Gehm's ballet career involved a broad range of styles. She danced with the National Ballet of Washington, D.C. (1971–1973), the Chicago Ballet (1974), and Ballet de Caracas (1975) before joining the Joffrey Ballet in 1976. At first sight, Robert Joffrey signed Gehm to a long-term contract. In 1984, Joffrey told People Weekly, "At 5'7 and 110 pounds, she is the most gorgeous woman since Audrey Hepburn to put on leotards and tights."

Her 15-year tenure with the Joffrey Ballet showcased her versatility. Critics praised her ability to embody diverse roles, from the ethereal nymph in Nijinsky's L'Après-Midi d'un Faune to the comedic tipsy guest in Ashton's A Wedding Bouquet.

In A Wedding Bouquet, Gehm was praised by the New York Times for her ability as a dancer to make the audience laugh while doing it with "subtlety, grace - and a touch of the bittersweet".

Her collaborations with ballet dancers such as Rudolf Nureyev and her work in productions such as Romeo and Juliet, Rodeo, and Le Sacre du Printemps highlighted her technical skill and dramatic depth.
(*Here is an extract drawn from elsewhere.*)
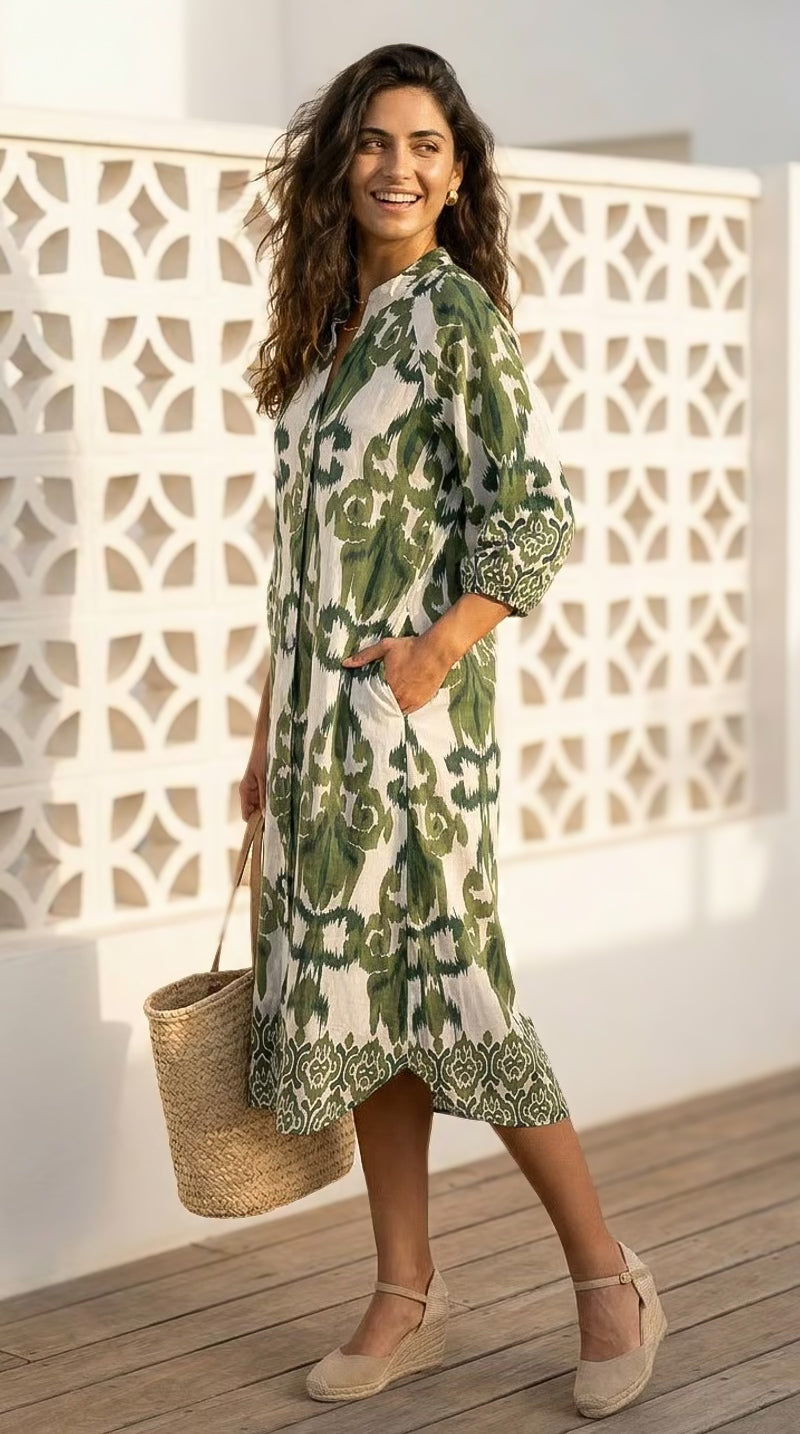 Anna - Savanna Bloom: Relaxed shirt dress with pockets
William Forsythe praised her as "one of the most elegant dancers I have had the privilege to work with".

=== Broadway and modeling ===
In addition to her ballet, Gehm appeared on Broadway in West Side Story (1980) and The Phantom of the Opera.

She also modeled for Sergio Valente jeans, Capezio and Danskin dancewear, and Hallmark Cards. She also appeared in commercials for the Chi-Chi's restaurant chain.
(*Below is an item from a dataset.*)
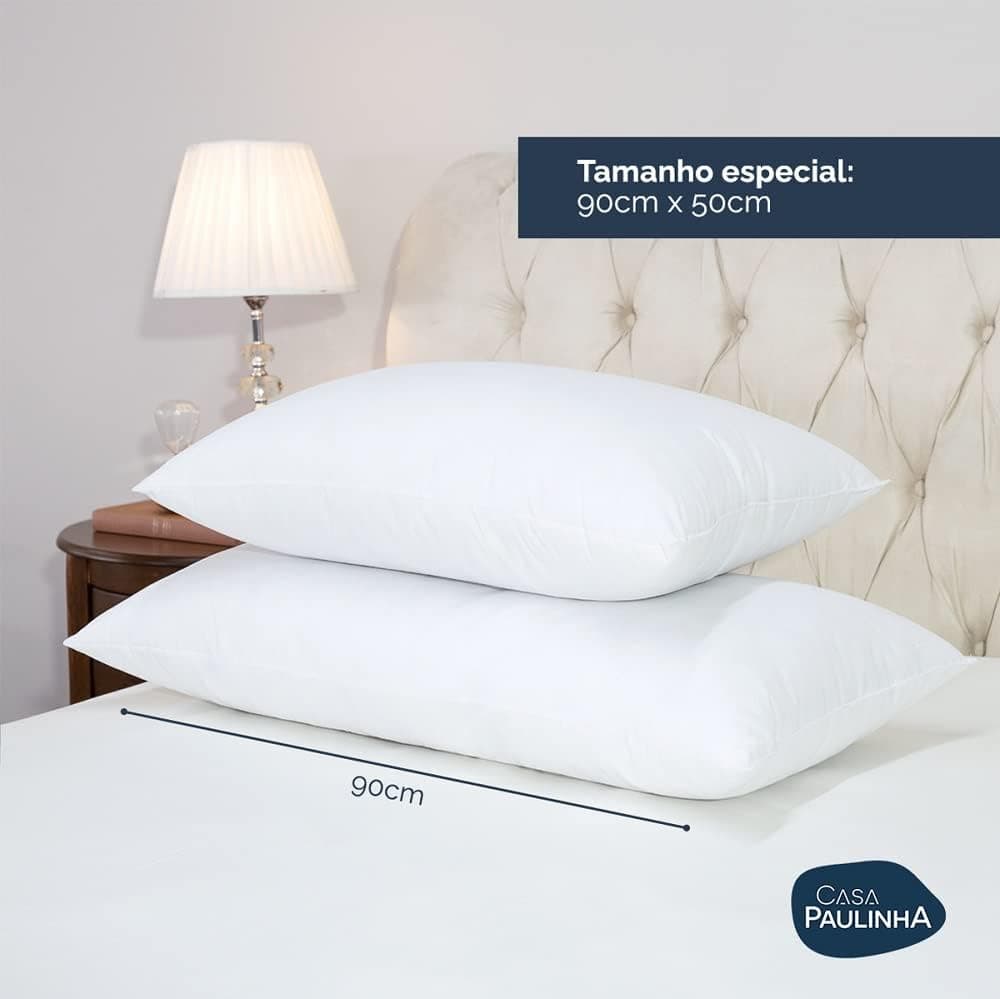 Kit 02 Travesseiros Toque de Pluma King Ganso Percal 180 Fios 90x50cm Lavável em Máquina, Antiácaro, Antialérgico - Imagem 4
== Later life and contributions ==
After retiring from professional dance in 1991, Charlene pursued higher education. She earned a bachelor's degree in arts administration from New York University in 1994, where she also delivered the commencement address. She later completed a master's degree in medieval studies at Columbia University in 1998, with her thesis on Canterbury Cathedral's stained glass windows.

Charlene was involved in philanthropy as president of the MacDougal Family Foundation. She supported arts education, provided scholarships for underprivileged students, and traveled extensively to promote cultural initiatives.

== Personal life and death ==
In 1992, she married Gary MacDougal, a businessman and philanthropist. The couple shared a commitment to education and cultural outreach, often traveling to Bulgaria to support the America for Bulgaria Foundation.

Charlene Gehm MacDougal died on January 10, 2021, from ovarian cancer.